When you want to prepare your 3D visualizations for publication in print/PDF you typically want to convert them into a vector graphics format. Three.js is a JavaScript library for creating 3D graphics that can be easily used to create vector graphics images in SVG format from 3D visualizations. Here is an example of how to achieve this – and you can modify the example right in your browser!
The Story
Last year, I created a 3D-visualization of the greatest commond divisor function. Then, a few weeks ago, I wanted to take snapshots of the visualization for inclusion in a research paper I was writing. However, as the research papers was intended for print/PDF publication, I was not satisfied with rasterizing the image (i.e., “taking a screenshot”). I wanted to have a vector graphics version of the image, especially since my visualization consisted entirely of lines. Ideally, I wanted to have the image in SVG format so that I could edit the result in Inkscape, my favorite program for creating mathematical illustrations. Unfortunately, Sage, the computer algebra system in which I had originally prepared the visualization, does (at the time of this writing) not support exporting 3D plots in a vector graphics format. So I had to find a different tool.
Three.js came to the rescue. Three.js is a fantastic JavaScript library for creating 3D graphics in the browser. It is mature, easy to use, has a large community and a creator, Ricardo Cabello, who is extremely helpful. Moreover, I think scientific publishing needs to move away from the PDF as its main medium and start creating web-first publications for the web browser – very much in the spirit of, e.g., MathJax and Substance. So, getting my feet wet with three.js was certainly a worthwhile investment.
In my opinion, the three.js version turned out much nicer than the original. Just as with the original version, you can modify the code producing the visualization right in the browser. However, in contrast to the Sage-based version, there is no need for clunky Java applets to do the rendering and there is no dependency on a Sage Cell server that benevolently does all the computation for the reader of the blog post – now, everything happens right inside the reader’s browser, which makes these kind of interactive documents far easier to host. And of course, you can now take SVG snapshots of the visualization, which was the motivation for the whole exercise.

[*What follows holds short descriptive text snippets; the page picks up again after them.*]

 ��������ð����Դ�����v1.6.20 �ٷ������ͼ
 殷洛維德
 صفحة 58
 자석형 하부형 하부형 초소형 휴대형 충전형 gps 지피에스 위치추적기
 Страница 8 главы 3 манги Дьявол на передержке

So, let’s move on to the graphics and code.
The 3D Visualization
Below is a graph of the greates common divisor function. See this blog post and this expository paper for the math behind this picture. Use the mouse to zoom and rotate.

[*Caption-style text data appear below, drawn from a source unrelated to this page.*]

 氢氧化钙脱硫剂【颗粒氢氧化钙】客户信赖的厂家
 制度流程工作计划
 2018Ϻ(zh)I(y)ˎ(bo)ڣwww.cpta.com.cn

To take an SVG snapshot of this picture, click here: SVG snapshot.
The SVG Snapshot
This is a static SVG snapshot of the 3D image above. The SVG source is shown below. Paste it into an .svg
file and open that in Inkscape for editing. This post-processing by hand is extremely useful!
The Code
Here is the code for the visualization. The language is CoffeeScript. Feel free to experiment and change the code. To reload the visualization with the updated code, click: Run!
Naturally, when working on a project of your own, you will want to have the code on your own system. If you want to use this example as a template to start from, feel free to clone my GitHub repository fbreuer/threejs-examples.

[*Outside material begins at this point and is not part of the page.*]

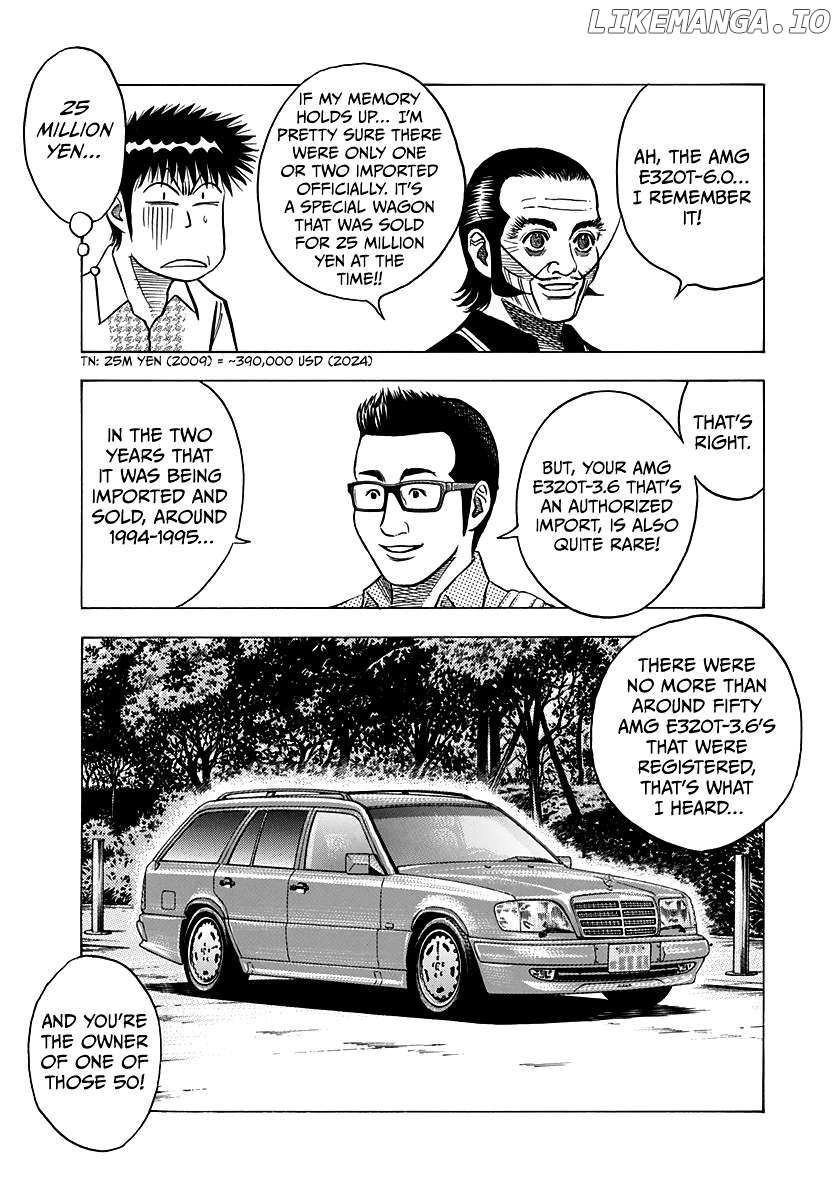 Countach Chapter 138 - Page 5 in English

The above code uses both the SVGRenderer
and OrbitControls
which are not part of the standard three.js library but can instead be found in the examples directory of official three.js repository. This also means that they have some limitations. For example, the SVGRenderer
does not support all features of the standard three.js renderers and some fiddling may be required.
Next Steps
Of course this is not the end of the story. Inspired by this success, I already have big plans for a next visualization project based on research papers I am currently writing with Dennis Eichhorn and Brandt Kronholm. I also plan to take a closer look at MathBox, which is a wonderful library for math visualization based on three.js.